Q: Do you think the NYC taxi market is ripe for disruption? Why or why not?
A: It certainly is. Even though there are few competitors which could represent monopoly power, the inherent business model is inefficient. Taxi companies have had the exact same model for 30 years and have not evolved. They are severly lacking in a few key competitive areas: Cost (labor and car costs are very high), Customer Service (no online/app precense, unfriendly drivers, etc.), Revenue Model (sales only via rides themselves, no sell-on services such as in-car item purchases, product deliveries, etc. etc.)
Q: How would you devise a market entry strategy for this entrepreneur?

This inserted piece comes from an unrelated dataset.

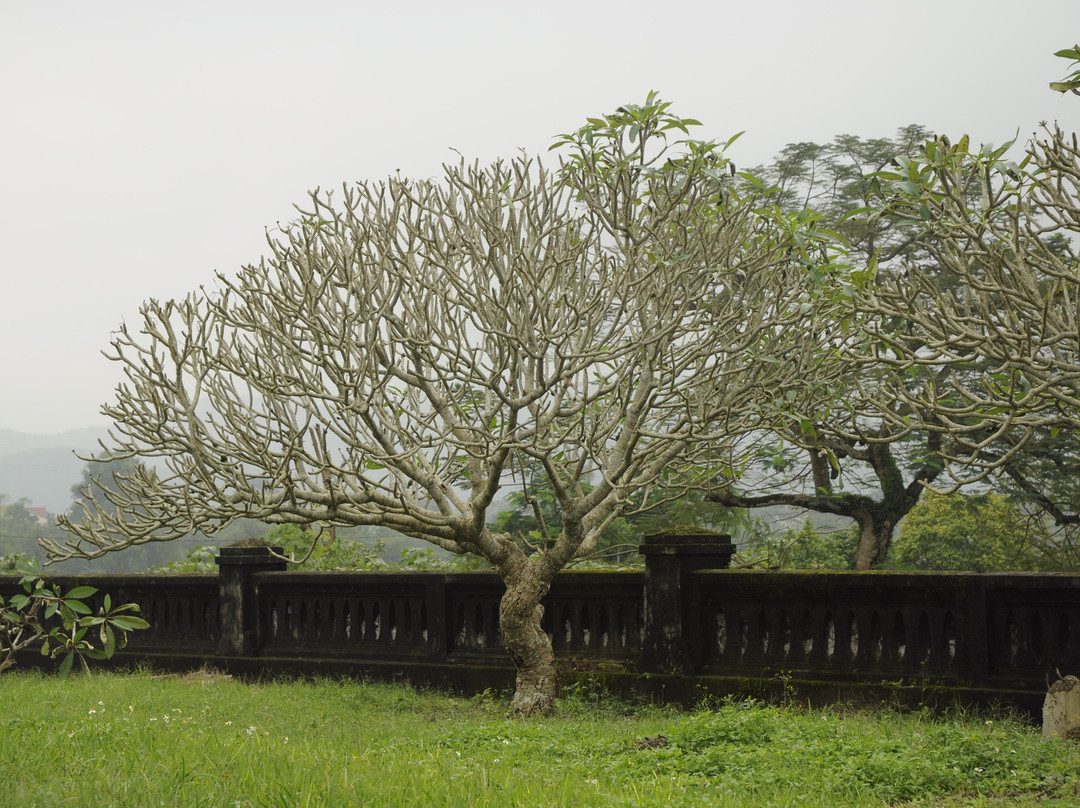 The Mieu Temple-顺化必去景点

A: I would identify and take advantage of the major weaknesses of the NYC taxi market (see Q&A above). In particular, I would look to lower costs by implementing car sharing/switching (currently, every taxi driver owns their own car), and looking to make drivers cheaper (replacing with automous technology, or changing the pay structure). In terms of revenues, I would look to sell additional items (food, chargers, tv viewing, etc.) in the car as well as use driver idle time (i.e. when they're looking for riders) in other productive ways (delivering packages, food, etc.). Finally, I would improve customer service by having the ability to schedule and hail cars online and/or via an app as well as provide training + incentives for drivers to offer friendlier customer service (i.e. via ratings or bonuses).